Li Hongzhang’s dilemma was that he could not get direct backing from the Western powers, while the Beijing purists were pressing for war, and Japan was using its troop presence to take control of Seoul. When King Gojong rejected Japanese plans for government reform in late July, Japanese troops broke into the royal palace, kidnapped the queen and her children, and used their new leverage to bring the old Daewongun back into power. The Daewongun then declared Korean independence and war on China. When Li attempted to land Chinese reinforcements in Korea by ship, the
Gaosheng
, a chartered British steamer, was sunk by the Japanese navy on 25 July 1894 and 950 Chinese soldiers drowned. War could no longer be avoided.

The Sino-Japanese War of 1894–95 was the first war China fought with its new Western-type army and navy. It was also the first conflict between China and Japan in three hundred years, and the beginning of an enmity that was to define China’s foreign relations for a century to come.
10
But in a curious way the war itself and the two decades that followed stand astride these two distinct periods in the Sino-Japanese relationship: China and Japan may have engaged in a bloody and terrible war, but the admiration that many Chinese felt for Japan’s successes in building a new type of state and army was not diminished by China’s losses. On the contrary, the sacrifices that China had to make
were often blamed on the Qing dynasty and its inability to follow the examples set by Japan. To some Chinese, the Japanese model was in a perverse way validated by its victory: What should not happen and therefore could not happen in a Confucian world—that a younger brother beat and denigrated his older brother—had happened nonetheless. It was visible proof of China’s decline and decadence. For people from Korea to Burma, the war redefined power in their region and turned the known order of the world upside down.

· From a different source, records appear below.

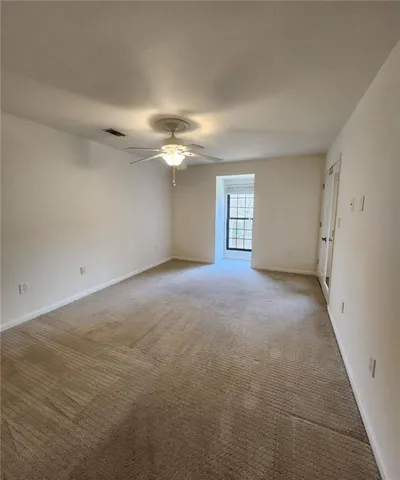 $2,000 | 23311 Plantation Drive Northeast, Atlanta, GA 30324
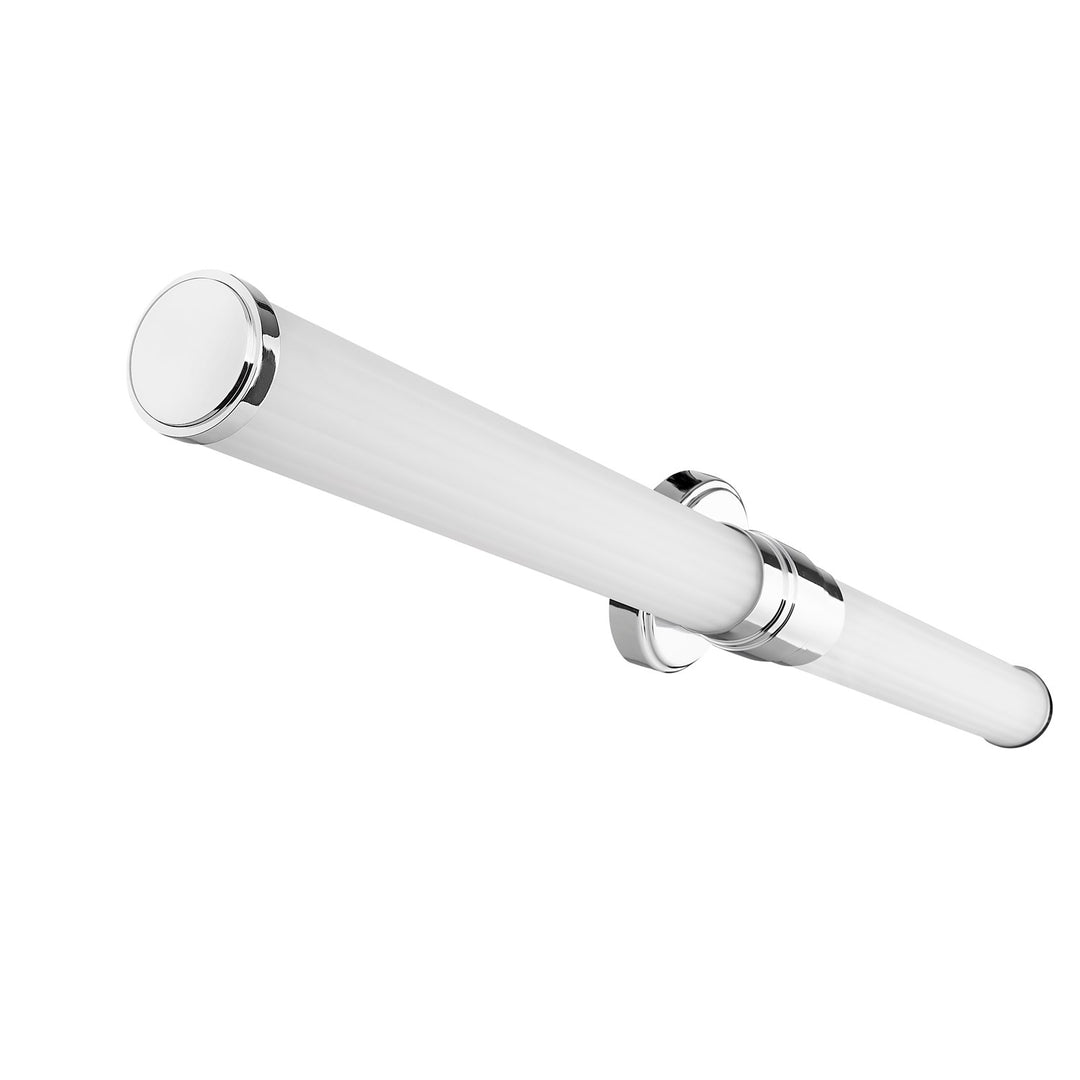1 Light Vanity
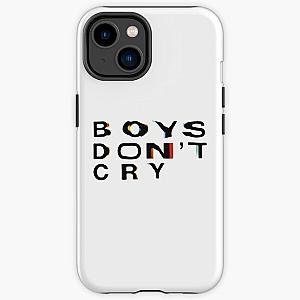 Boys - Frank Ocean iPhone Tough Case RB1211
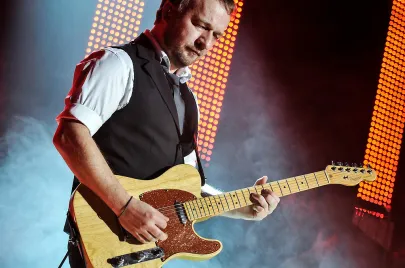 Tomasz Banaś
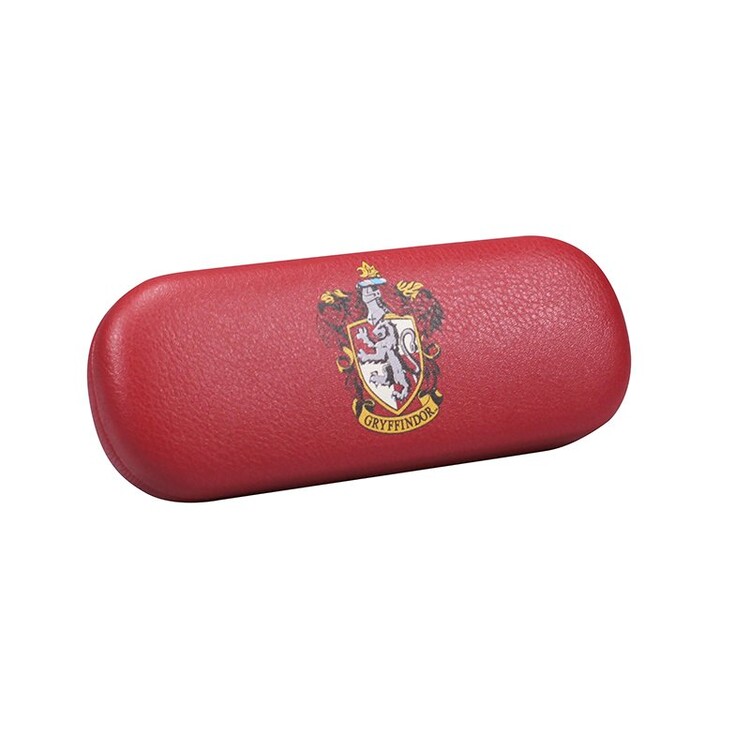 Etui  Harry Potter - Gryffindor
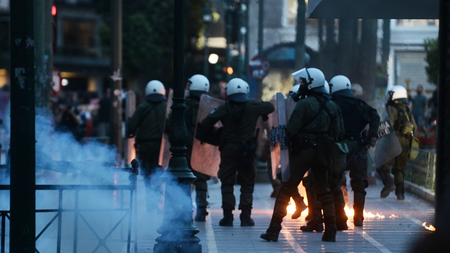 epeisodia_kentro_pylos__3_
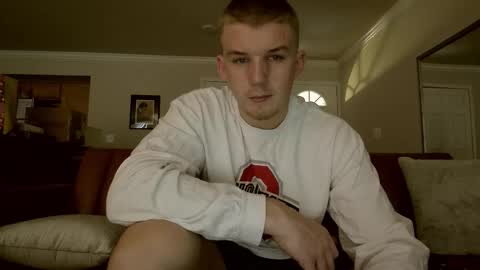  more content and goodies online show from December 18, 2:02 pm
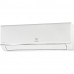 Сплит-система Electrolux Avalanche EACS-09HAV/N3_22Y комплект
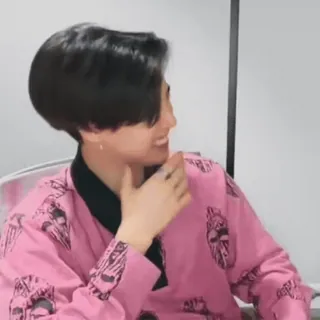 🍩 whatsapp sticker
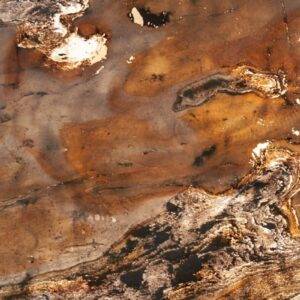 Transparetny Kamień Elastyczny Quarry Ochre 280x122x0,3 - obrazek 10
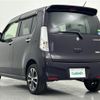 suzuki wagon-r 2013 -SUZUKI--Wagon R DBA-MH34S--MH34S-233745---SUZUKI--Wagon R DBA-MH34S--MH34S-233745- image 16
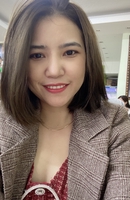 nương đặng
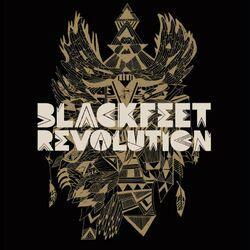 Blackfeet Revolution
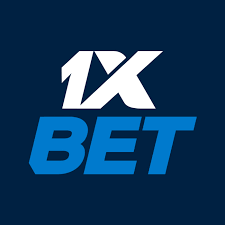 1xBet Vietnam Your Ultimate Online Betting Destination -1162399543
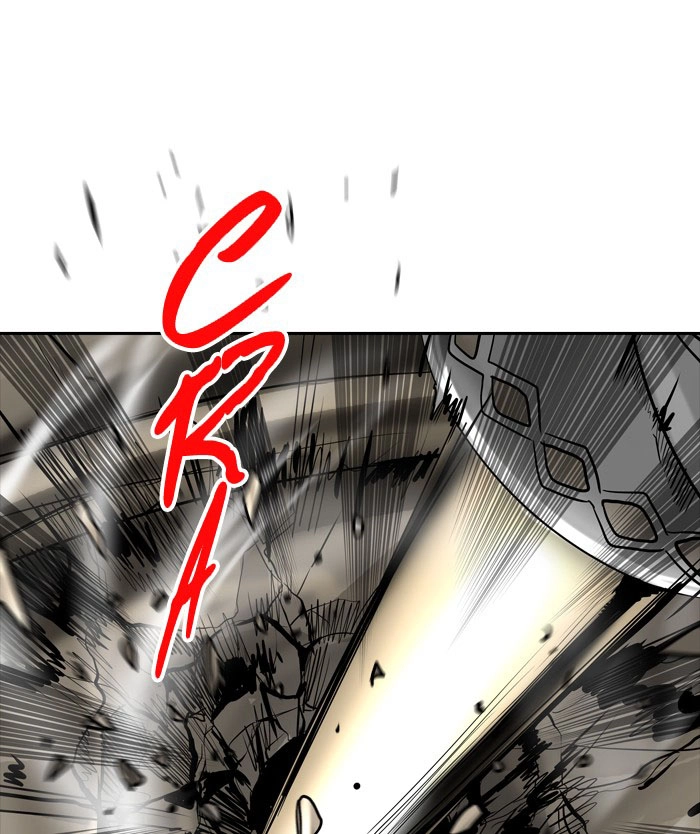 Tòa Tháp Bí Ẩn 2 Chapter 281 - 11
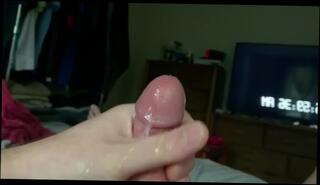 Video 1584415233: solo squirt compilation, solo male cumshot compilation, solo masturbation compilation, amateur squirting compilation, huge squirt solo, big squirt solo, big dick cumshot compilation, sexy cumshot compilation, solo male jerkoff, solo stroking masturbation, hotel compilation
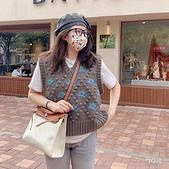 ����Ĵ����Ƽ�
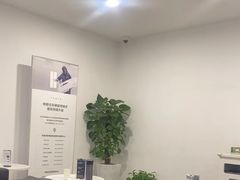 -TESLA 特斯拉(北京南四环中路特斯拉中心)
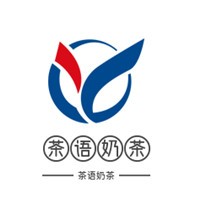 茶語奶茶加盟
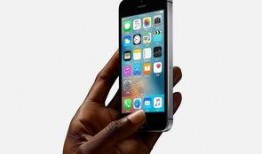 比伯最新手机爆料,尖端科技与时尚潮流的完美融合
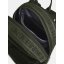 Plecak Under Armour Loudon - Kolor: Czarny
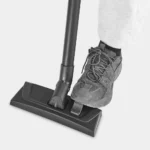 Vacuum Cleaner Karcher DVAC 1800 - Image 3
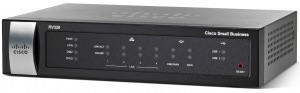 Obrzok RV320 VPN Router with Web Filtering - RV320-WB-K9-G5
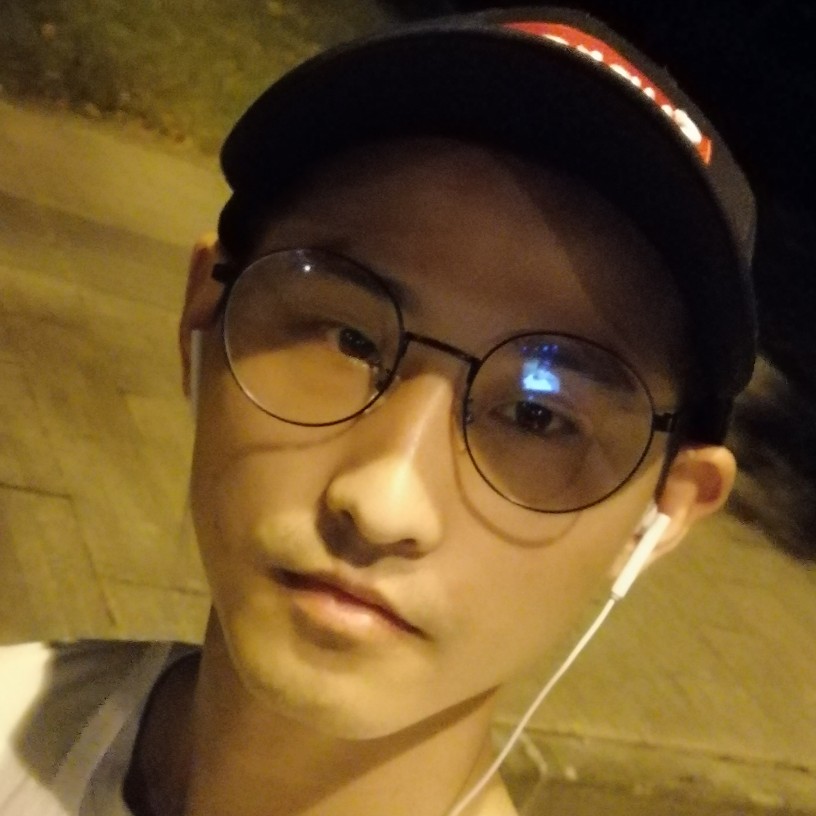 初心あ的照片
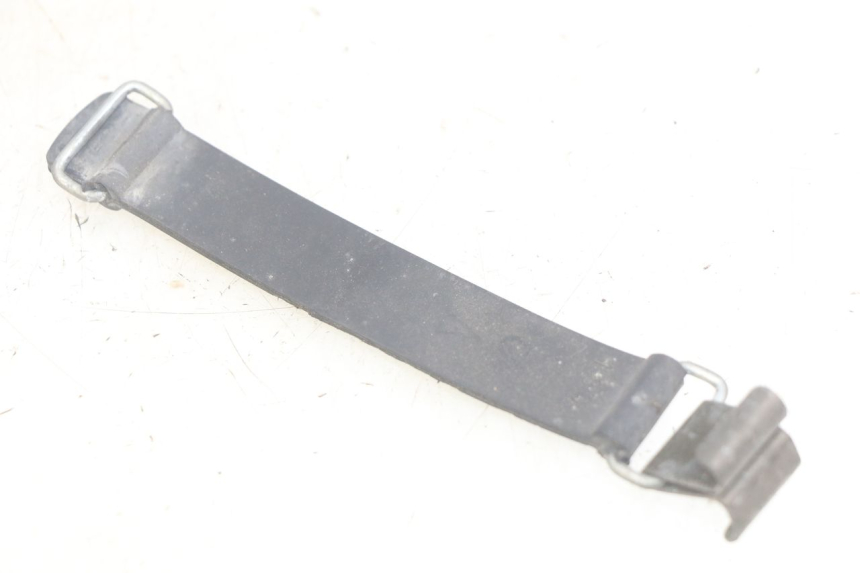 photo de CINGHIA KIT UTENSILI YAMAHA FZS FAZER 600 (1998 - 2001) - Dettaglio del componente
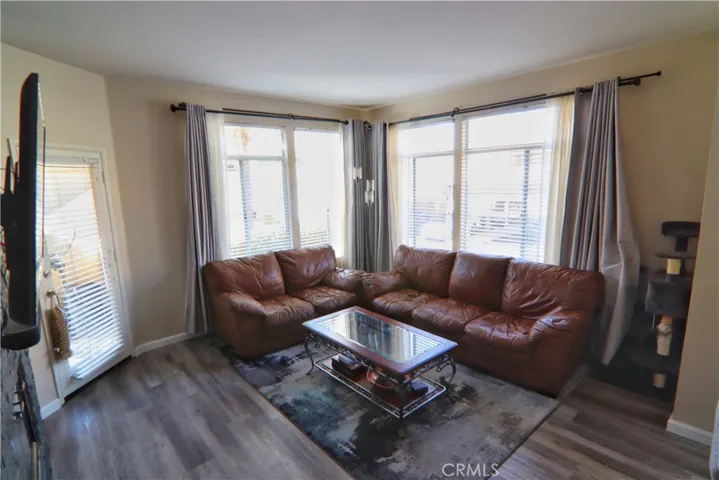 3160 Puesta Del Sol Court 104, Corona, California 92882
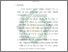 [thumbnail of Bab 5.pdf]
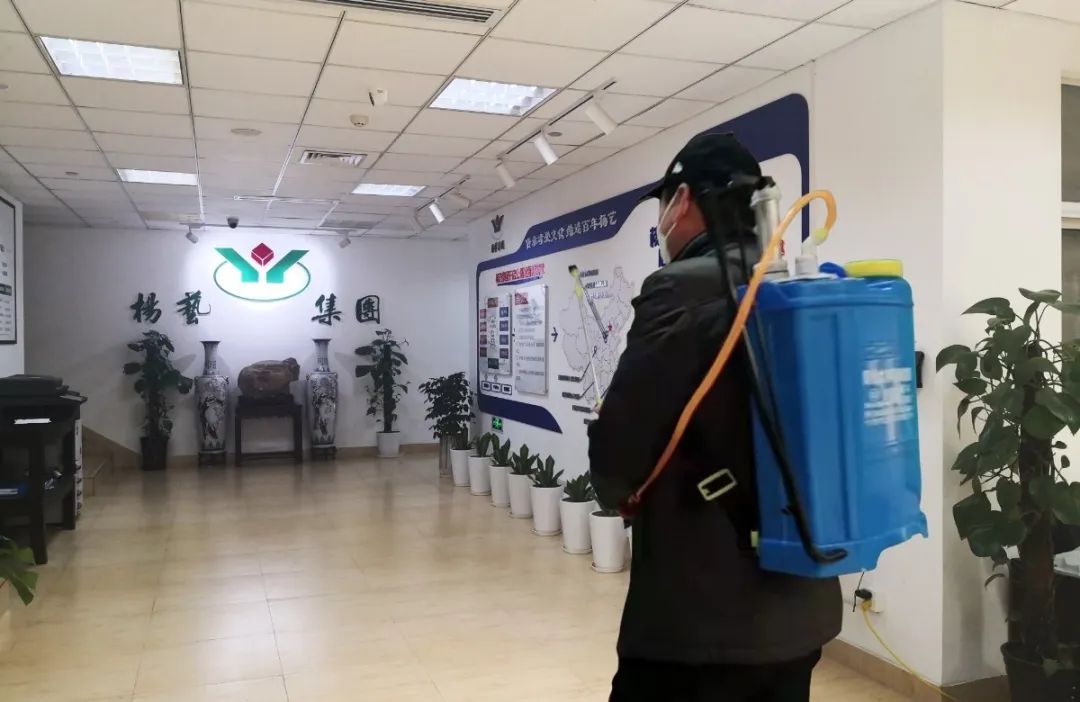 抖圈-为du而生官网入口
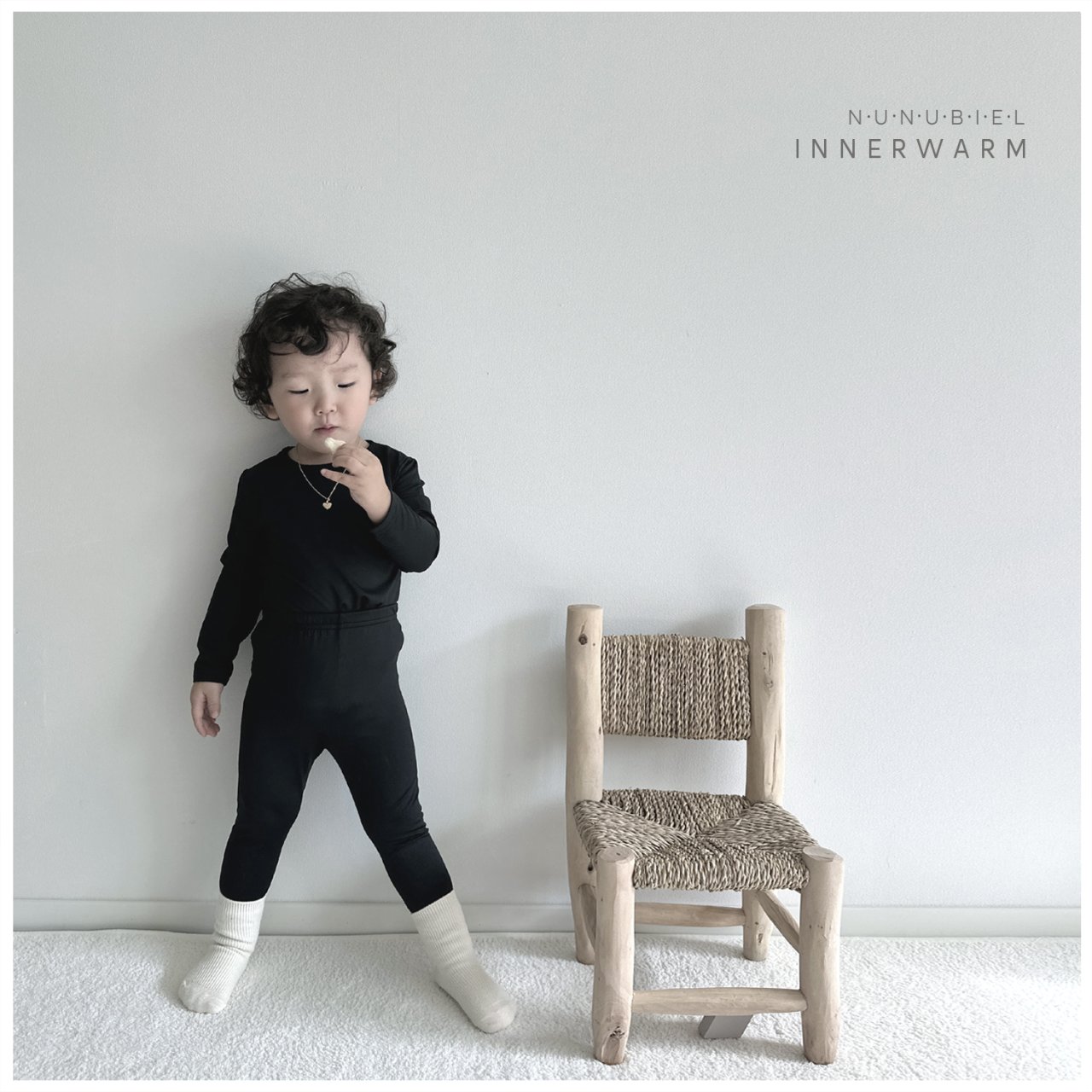 b675fe4ec86ccb6d04ed1ec5e49b7e45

At the outset, Japan’s victory was in no way assured. Chinese forces were well placed in Korea, and China’s navy was about twice the size of Japan’s. Both the civilian and military leaders in Tokyo were worried about the outcome, and much of their strategy was defined by the need to deliver decisive blows to the Qing military and thereby force it to accede to Japan’s war aims, which was to remove Chinese influence from Korea. A long war, they feared, would be to China’s advantage, since it would drain Japan’s resources and manpower. The first engagement on land, in southern Korea, went Japan’s way, but its leaders worried about what would happen in the north, where Chinese forces were stronger. And what they were most concerned about was what would happen at sea.

In September 1894 the Japanese forces landed at Inchon, the port city of Korea’s capital Seoul, just as US General Douglas MacArthur’s soldiers would do fifty-six years later. And, just as during that later Korean War, the Chinese forces concentrated on the defense of the north, assembling the majority of their troops around Pyongyang, a city 120 miles north of the capital. The Chinese forces were superior in numbers and consisted of some of the empire’s best-supplied and best-trained Western-style troops, augmented by traditional Manchu cavalry, fighting with swords and lances. But when the battle started on 15 November, the Chinese could not match their enemies in terms of organization, logistics, and firepower. The Chinese defense was poorly coordinated and began to run out of ammunition, not least because of the lack of weapons’ standardization among Chinese units. The Manchu horsemen
attacked in wave after wave but were cut down by Japanese artillery, whose officers—in the midst of the slaughter—commented on the immense bravery of the old-style Qing army. With the city surrounded and the heavy Japanese guns trained on the main part of the imperial forces, the Chinese officers surrendered. Two thousand Qing troops fell in battle, against 700 Japanese, and the Meiji army continued its offensive toward the north.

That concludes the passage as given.